US 11,772,681 B2
Method and apparatus for processing autonomous driving simulation data, and electronic device
Shengjian Guo, Beijing (CN); Zhisheng Hu, Beijing (CN); Zhenyu Zhong, Beijing (CN); and Kang Li, Beijing (CN)
Assigned to BAIDU.COM TIMES TECHNOLOGY (BEIJING) CO., LTD., Beijing (CN)
Filed by BAIDU.COM TIMES TECHNOLOGY (BEIJING) CO., LTD., Beijing (CN)
Filed on Aug. 31, 2021, as Appl. No. 17/463,501.
Prior Publication US 2022/0126860 A1, Apr. 28, 2022
Int. Cl. G07C 5/04 (2006.01); B60W 60/00 (2020.01); B60W 50/00 (2006.01); H04L 65/61 (2022.01)

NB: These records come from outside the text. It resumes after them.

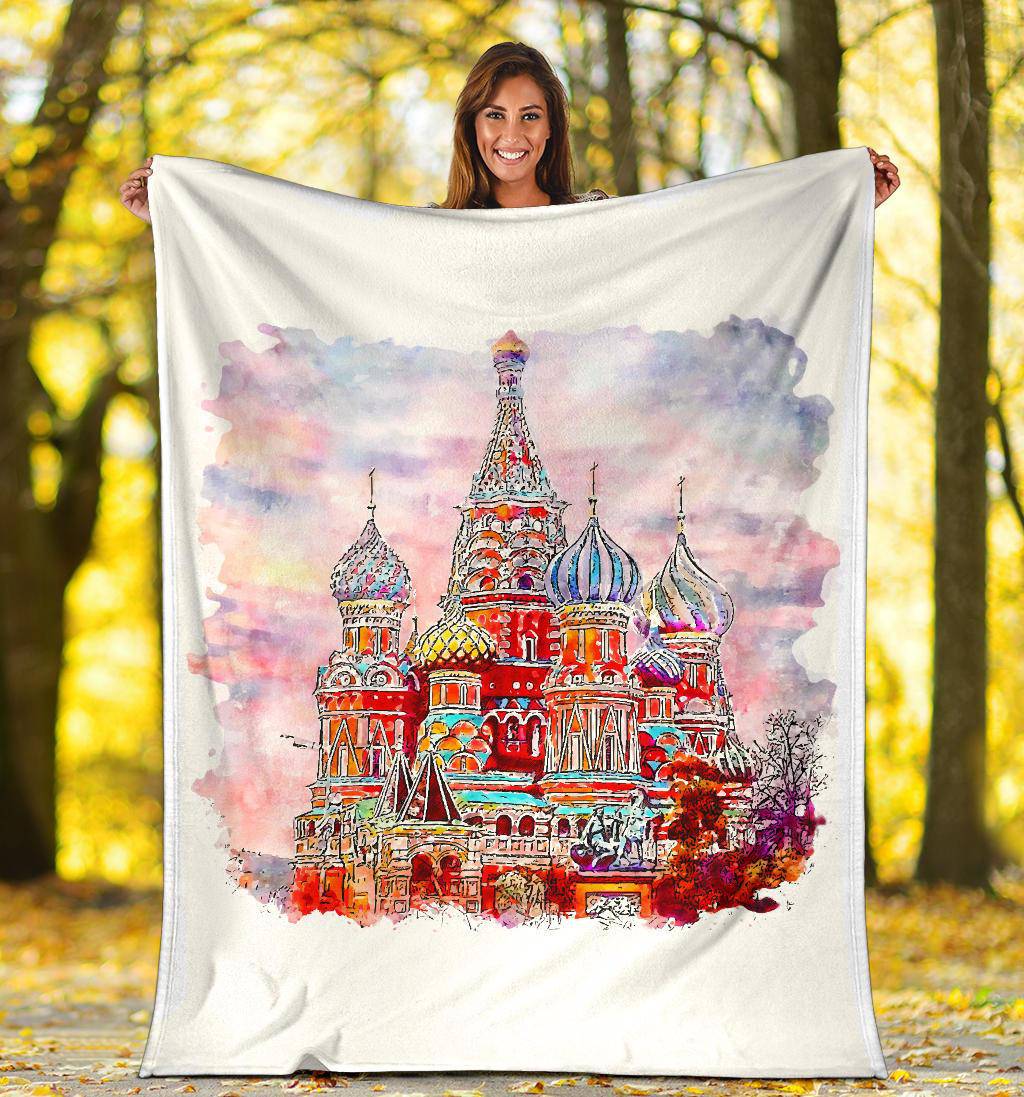 Moscow Red Square Russia Premium Blanket, Watercolour Hand Drawn Sketch Illustration - Top Content | POD Collection | Free Shipping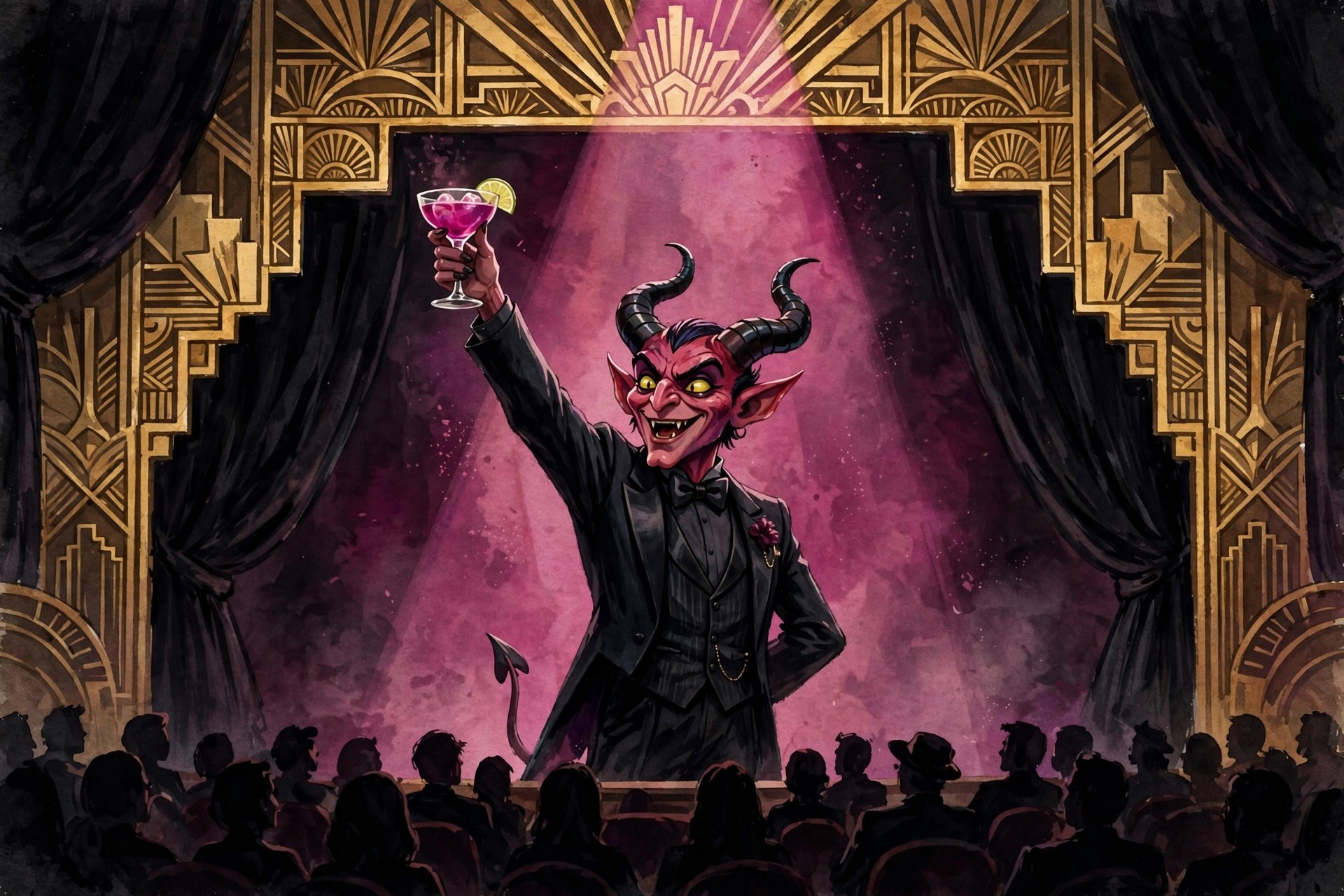 Velvet Damnation mid-performance on stage, raising a cocktail glass in a toast to a silhouetted audience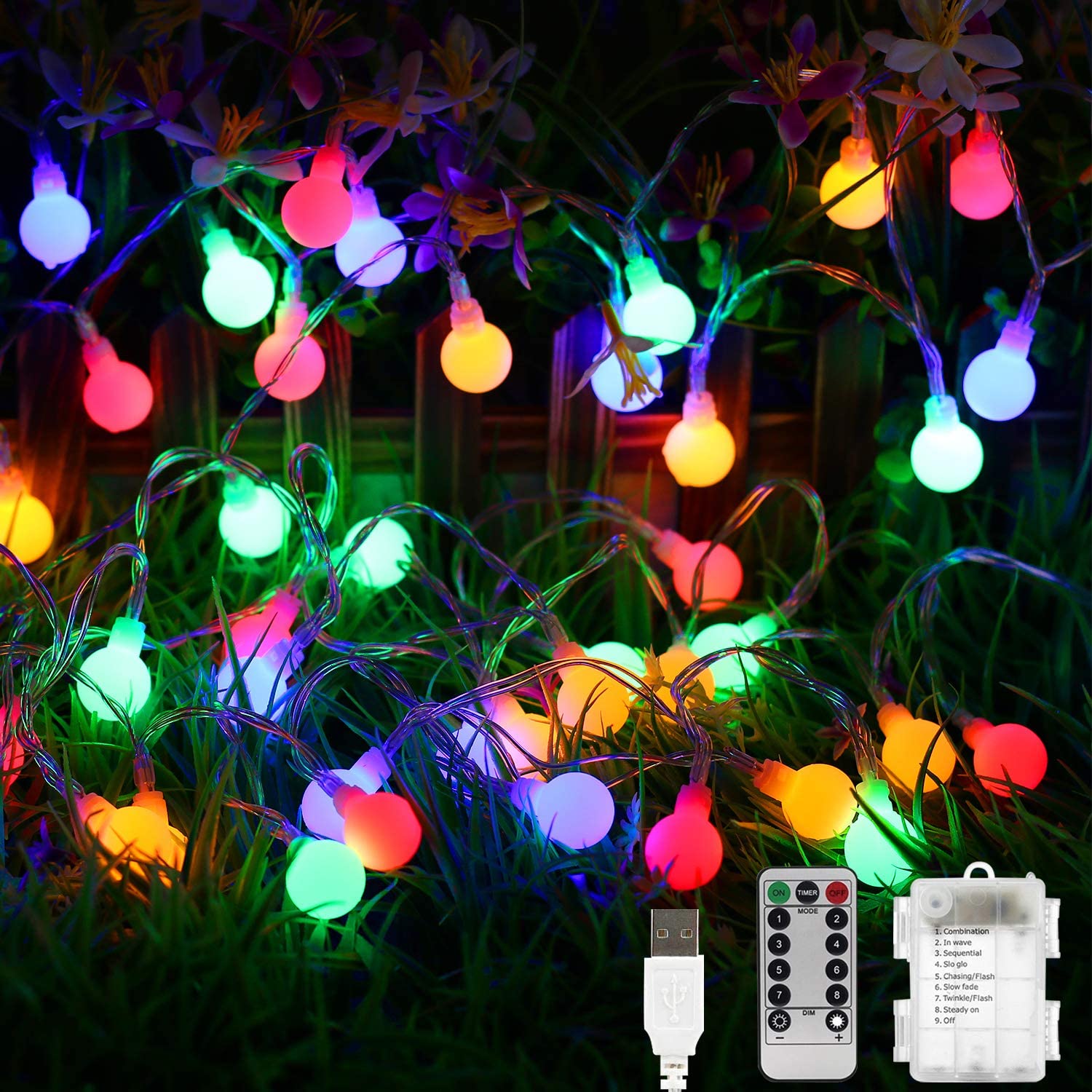 Cadena de luces LED para acampar con USB y bombillas redondas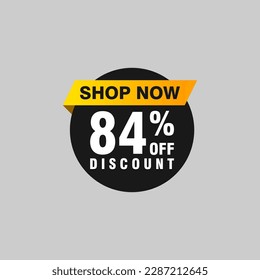 84 Rabatt, Sales Vector Abzeichen für Labels, , Stickers, Banner, Tags, Web-Aufkleber, Neues Angebot. Discount-Origami-Zeichenbanner 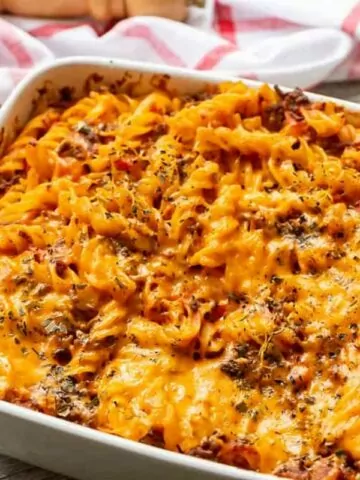 ground beef casserole in white dish MSN.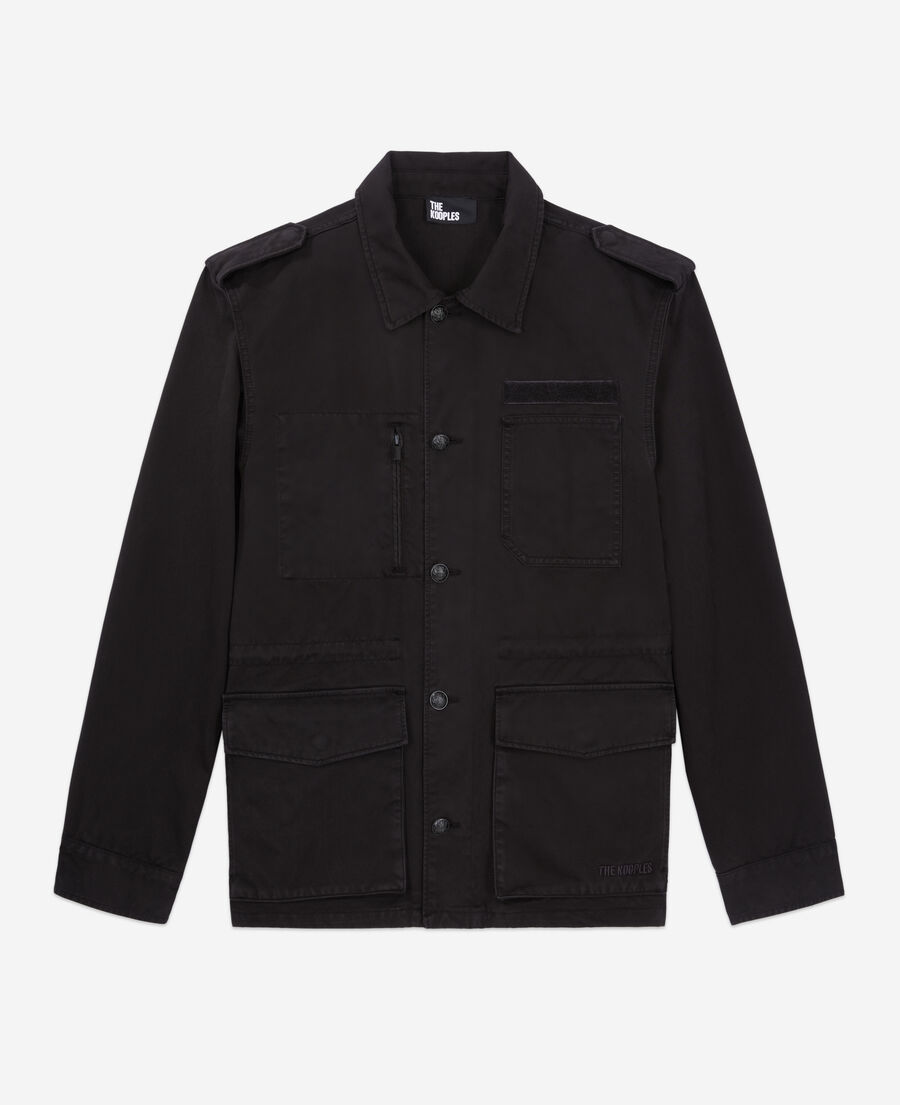 더 쿠플스 The Kooples Veste worker noire en denim,BLACK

CPC B60W 60/001 (2020.02) [B60W 50/0098 (2013.01); G07C 5/04 (2013.01); H04L 65/61 (2022.05); B60W 2050/0022 (2013.01); B60W 2556/35 (2020.02); B60W 2556/45 (2020.02)] 16 Claims
OG exemplary drawing
 
1. A method for processing autonomous driving simulation data, comprising:
determining a type of a message transmitted between a simulation system and an auto driving system (ADS);
determining a data acquisition mode based on the type of the message;
obtaining a data stream transmitted between the simulation system and the ADS based on the data acquisition mode; and
determining performance of the ADS based on the data stream,
wherein each data stream comprises a data sequence and a timestamp of each piece of data, and determining the performance of the ADS based on the data stream comprises:
determining environmental data and autonomous driving data at each timestamp by combining data sequences of a plurality of data streams based on the timestamp of each piece of data in each data stream;
obtaining reference driving data at each timestamp based on the environmental data at each timestamp;
comparing each kind of driving data in the autonomous driving data with the kind of driving data in the reference driving data at a timestamp same as the autonomous driving data to determine a matching degree of each kind of driving data at the timestamp;
performing weighted fusion on the matching degree of each kind of driving data at the timestamp based on a predetermined weight of each kind of driving data to obtain the matching degree between the autonomous driving data and the reference driving data at the timestamp; and
determining the performance of the ADS based on the matching degree between the autonomous driving data and the reference driving data at each timestamp.